Les restrictions alimentaires furent effroyables ; on mangea des charognes, des limaces, des herbes, des chardons crus, etc. Les gens mouraient comme des mouches, des bandits masqués, profitant de la situation, se livraient à des attaques à main armée. Cependant, si nous en croyons les observations des savants, cet hiver fut moins rigoureux que celui de 1879. L’hiver de 1776 fut aussi fort rude. Louis XVI fit, à Versailles, supprimer la parade et les sentinelles ; il fit ouvrir les cuisines royales aux pauvres gens. Le vin gela dans les caves ; dans les maisons chauffées, les pendules s’arrêtèrent ; des cloches se cassèrent en sonnant. Le gibier, effrayé, cherchait à se sauver et à trouver un abri ; on vit des perdrix au château de Tuileries, en plein Paris, et un lièvre sur les chantiers de la Comédie-Française ! En 1783-1784, nouvel hiver fort rigoureux. On éleva une statue de neige au roi Louis XVI, protecteur des pauvres gens. La masse des glaces interrompit les communications, en 1788-1789, entre Calais et Douvres. Cet hiver, à la veille de la Révolution, fut aussi terrible, mais il n’amena pas de famine, car les blés furent sauvés par la neige.

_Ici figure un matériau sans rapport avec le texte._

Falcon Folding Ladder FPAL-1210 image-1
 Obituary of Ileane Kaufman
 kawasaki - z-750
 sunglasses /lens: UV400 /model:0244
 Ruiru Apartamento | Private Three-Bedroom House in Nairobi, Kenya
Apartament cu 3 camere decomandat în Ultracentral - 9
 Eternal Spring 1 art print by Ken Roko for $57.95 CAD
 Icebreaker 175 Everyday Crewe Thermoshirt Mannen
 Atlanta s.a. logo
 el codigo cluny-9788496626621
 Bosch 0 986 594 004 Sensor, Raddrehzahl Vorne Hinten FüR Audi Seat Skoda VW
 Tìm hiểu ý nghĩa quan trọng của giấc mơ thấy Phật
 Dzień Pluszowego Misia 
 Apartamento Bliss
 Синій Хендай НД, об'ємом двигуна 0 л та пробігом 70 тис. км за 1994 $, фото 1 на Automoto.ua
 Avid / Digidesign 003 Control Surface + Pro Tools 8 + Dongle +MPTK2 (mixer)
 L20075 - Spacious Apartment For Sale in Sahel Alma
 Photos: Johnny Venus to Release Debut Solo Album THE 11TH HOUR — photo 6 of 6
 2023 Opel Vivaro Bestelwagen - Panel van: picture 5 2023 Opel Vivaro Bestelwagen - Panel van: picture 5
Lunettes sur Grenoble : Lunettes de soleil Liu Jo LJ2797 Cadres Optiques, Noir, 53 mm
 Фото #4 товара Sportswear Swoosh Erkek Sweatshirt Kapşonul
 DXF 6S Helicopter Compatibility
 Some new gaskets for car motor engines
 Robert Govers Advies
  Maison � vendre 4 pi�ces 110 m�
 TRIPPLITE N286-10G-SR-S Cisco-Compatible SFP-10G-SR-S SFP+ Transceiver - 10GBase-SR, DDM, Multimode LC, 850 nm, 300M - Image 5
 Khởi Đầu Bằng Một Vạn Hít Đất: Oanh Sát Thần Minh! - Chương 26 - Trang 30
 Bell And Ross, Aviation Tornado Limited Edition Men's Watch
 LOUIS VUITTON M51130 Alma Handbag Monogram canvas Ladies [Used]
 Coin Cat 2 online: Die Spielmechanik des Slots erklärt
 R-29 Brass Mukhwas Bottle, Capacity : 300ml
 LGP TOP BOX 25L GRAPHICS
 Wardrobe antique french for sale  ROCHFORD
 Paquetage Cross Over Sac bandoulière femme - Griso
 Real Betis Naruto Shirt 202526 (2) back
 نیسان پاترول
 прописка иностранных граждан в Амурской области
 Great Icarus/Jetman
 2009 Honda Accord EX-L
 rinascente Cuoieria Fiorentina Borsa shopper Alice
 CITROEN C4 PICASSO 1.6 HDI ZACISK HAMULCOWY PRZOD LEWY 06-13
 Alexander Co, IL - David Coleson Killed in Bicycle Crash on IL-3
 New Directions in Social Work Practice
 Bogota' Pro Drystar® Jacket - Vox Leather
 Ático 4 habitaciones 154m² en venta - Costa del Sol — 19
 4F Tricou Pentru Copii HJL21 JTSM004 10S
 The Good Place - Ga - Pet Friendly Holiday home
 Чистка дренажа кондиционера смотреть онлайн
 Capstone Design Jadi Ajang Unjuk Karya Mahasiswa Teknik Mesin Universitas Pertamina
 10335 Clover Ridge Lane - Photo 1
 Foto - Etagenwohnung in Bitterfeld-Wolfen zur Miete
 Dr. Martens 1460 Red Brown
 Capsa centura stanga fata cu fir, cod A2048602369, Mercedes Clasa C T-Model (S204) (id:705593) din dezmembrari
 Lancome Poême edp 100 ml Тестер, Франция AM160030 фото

En 1794-1795, nouvelle apparition du froid et de la glace. C’est au cours de cette saison que des hussards français firent prisonniers sur la glace des vaisseaux hollandais. En 1812, le froid gêna considérablement Napoléon 1er au cours de sa campagne de Russie. Il nous faut aller jusqu’en 1830 pour retrouver un autre hiver mémorable. Des factionnaires moururent à leur poste ; on pilla les bois. Le Rhône et la Saône se prirent deux fois, en totalité. Des cygnes et des butors firent leur apparition en France, des arbres furent cassés en deux par la gelée. En 1870, le froid fut aussi contre nous ; c’est lui qui décima les troupes mal habillées et mal armées de la Loire et du Mans. L’année 1879 fut celle d’un hiver très rigoureux et cruel ; des perdreaux furent retrouvés ensevelis dans un linceul de glace. Dans des salles à manger chauffées, l’eau se gelait dans les carafes durant le repas. Il y eu jusqu’à 40 centimètres d’épaisseur de glace sur la Seine.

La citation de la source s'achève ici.